That in itself has put the city on the map, but their football team has also been a considerable presence in progressing the Bordeaux name – or at least they were, anyway.
Girondins de Bordeaux, to give their full name, have won the Ligue 1 title on six occasions – most recently in 2009 – and the French domestic cup four times, including as recently as 2013.
They are, historically, a relative powerhouse of French football, but they have fallen on hard times and, heading into the business end of the 2023/24 season, they find themselves in a position of potential or fear, depending on whether you are a glass half-full or empty merchant: Bordeaux are six points off the play-off places in Ligue 2, but also six points off the relegation places too.

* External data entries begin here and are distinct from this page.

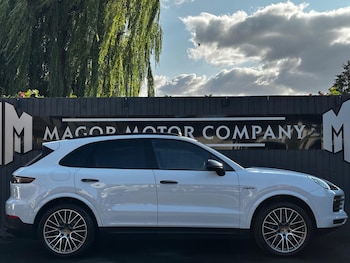 Used Porsche Cayenne 2022 for sale - 75449833: Photo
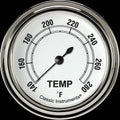 CLASSIC WHITE 2 5/8 IN WATER TMP 1/8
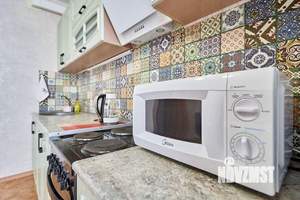 1-к квартира, посуточно, 38м2, 1/1 этаж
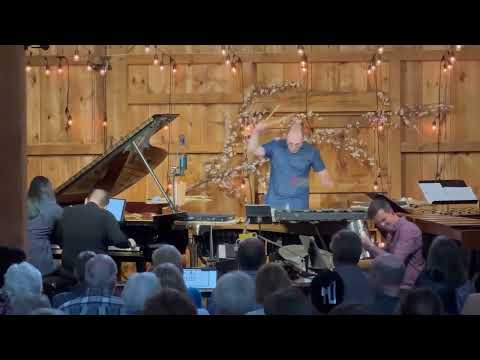 Icarus Quartet and Vicky Chow--Steinway Series at Silo Hill Finale excerpt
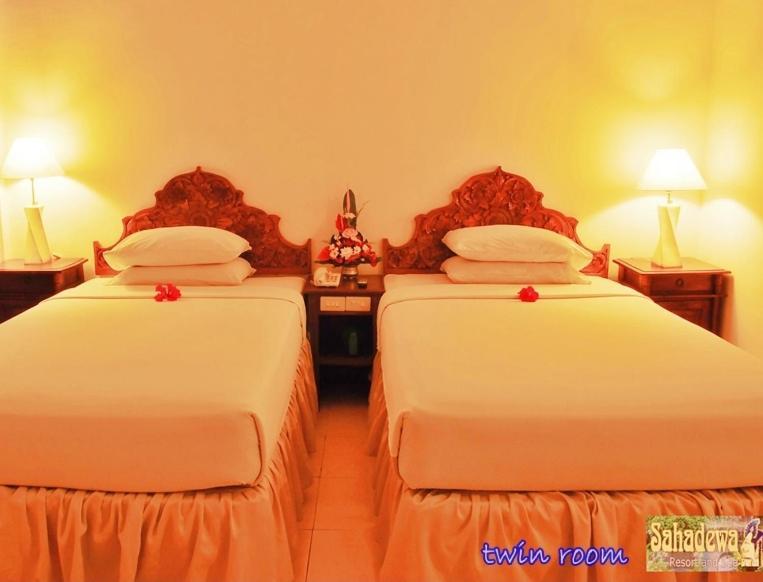 Sahadewa Resort & Spa Убуд Екстериор снимка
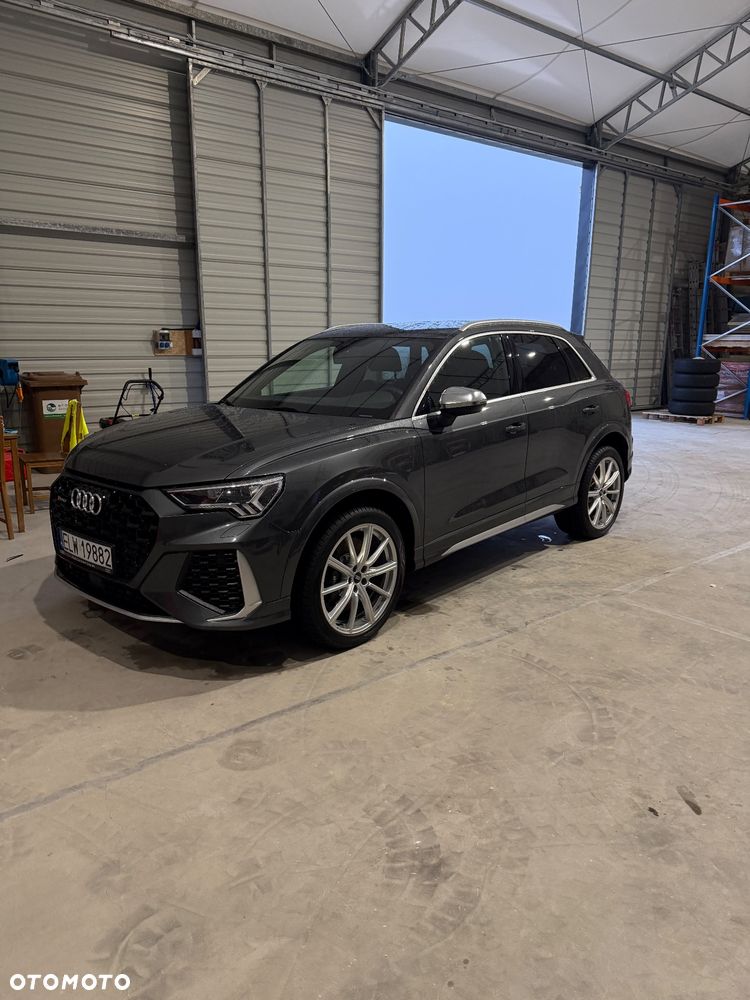 Audi RS Q3 - 16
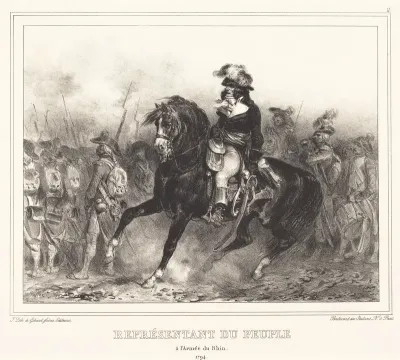 Representant du Peuple (Representative of thePeople)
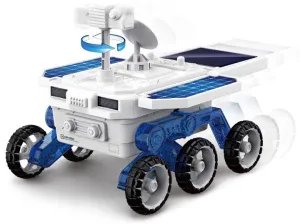 Конструктор ND Play «Марсоход 4WD» 6+, изображение 4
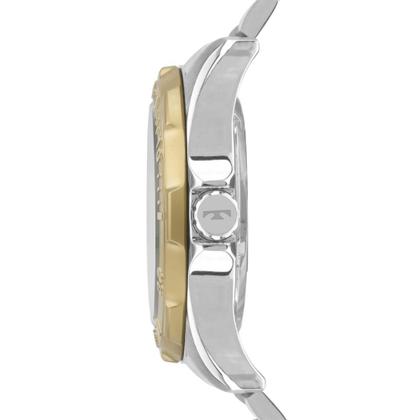 Imagem de Relógio Technos Masculino Ref: Wt2050al/t1p Skydiver Anadigi Bicolor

Theirs is a tale of extraordinary self-destruction – from unearthing a young Zinedine Zidane to almost annihilation, all in the space of three decades.
Zinedine Zidane in action for Bordeaux against AC Milan. pic.twitter.com/xWqdxn6NN0
— 90s Football (@90sfootball) December 18, 2023
It all started in 2018, when the club’s former owners – French media firm M6 – sold a controlling stake to General American Capital Partners. Within three years, they claimed they no longer had the financial means to support the club, so they sold it (at a reduced rate) to Spanish entrepreneur Gerard Lopez.
Bordeaux needed to make money, and fast, so they sold more than £50 million worth of talent in 2019/20 – reinvesting just £14 million of that back into replacements. In 2020/21, they sold players to the tune of £15 million, but didn’t spend a single penny on reinforcements; instead relying on reserve players and a single loan signing.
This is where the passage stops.